St. Vincent and the Grenadines welcomes the
representatives of the States newly admitted to membership
of the United Nations, namely, the Czech Republic,
Slovakia, The Former Yugoslav Republic of Macedonia,
Eritrea, the Principality of Monaco, and Andorra. We
particularly wish to congratulate the people of Eritrea on
winning the long battle for their self-determination, and we
express the hope that their diligence in the pursuit of
political independence will be combined with an appropriate
strategy for economic achievement.
The admission of a nation to this body always marks a
significant event in the international arena as it takes us
another step forward towards the objective of universal
representation.
Adherence to the purposes and principles of the United
Nations Charter and the right of the world’s peoples to self-
determination are the main barometers used in the admission
of States to membership of this body of nations. However,
the Republic of China on Taiwan, a nation of over
21 million inhabitants, which today has one of the most
vigorous economies in the world, is excluded from
membership of the United Nations. In this post-cold-war
era, when a number of countries which once had a single
identity and representation in this Organization now find
ready admission as separate and sovereign members, it is
appropriate that all States capable of maintaining such
sovereign identity be so recognized. Moreover, the Republic
of China on Taiwan has demonstrated its capacity to be in
the forefront of world economic development and should be
provided with an opportunity to participate in, and contribute
to, the programmes of the United Nations.
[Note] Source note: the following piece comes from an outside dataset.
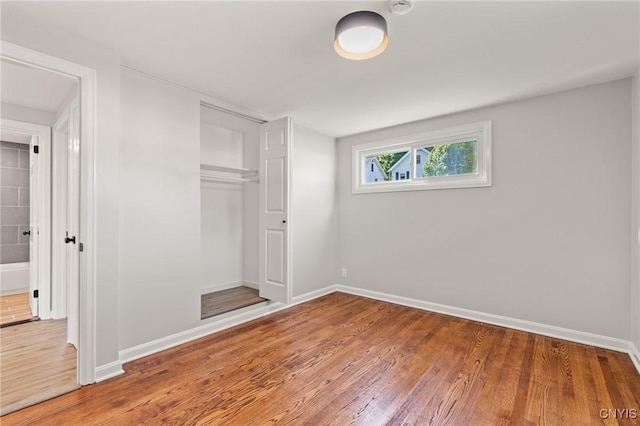 331 Darlington Rd, Syracuse, NY 13208 - unfurnished bedroom featuring wood finished floors and a closet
My delegation heralds the signing of the United
Nations- brokered Governors Island Accord last July by
President Aristide and the military-backed Government of
Haiti, headed by General Raoul Cedras, as an historic
opportunity for the Haitian people, the hemisphere, and the
principle of democratic rule. The interim period until
President Aristide’s return to Haiti on the 30th of this month
must be a time for healing and laying the groundwork for a
smooth take-over, and for a concerted rehabilitation process
aimed at bringing some measure of economic and political
stability to that long-suffering country.
My delegation takes this opportunity to reiterate our
solidarity with the Haitian people, who have struggled over
the past months amidst persistent and blatant human rights
abuses and political repression. We hail the efforts and
initiatives taken by the United Nations, the Organization of
American States, and the Government of the United States
of America in bringing the usurpation of authority to an end.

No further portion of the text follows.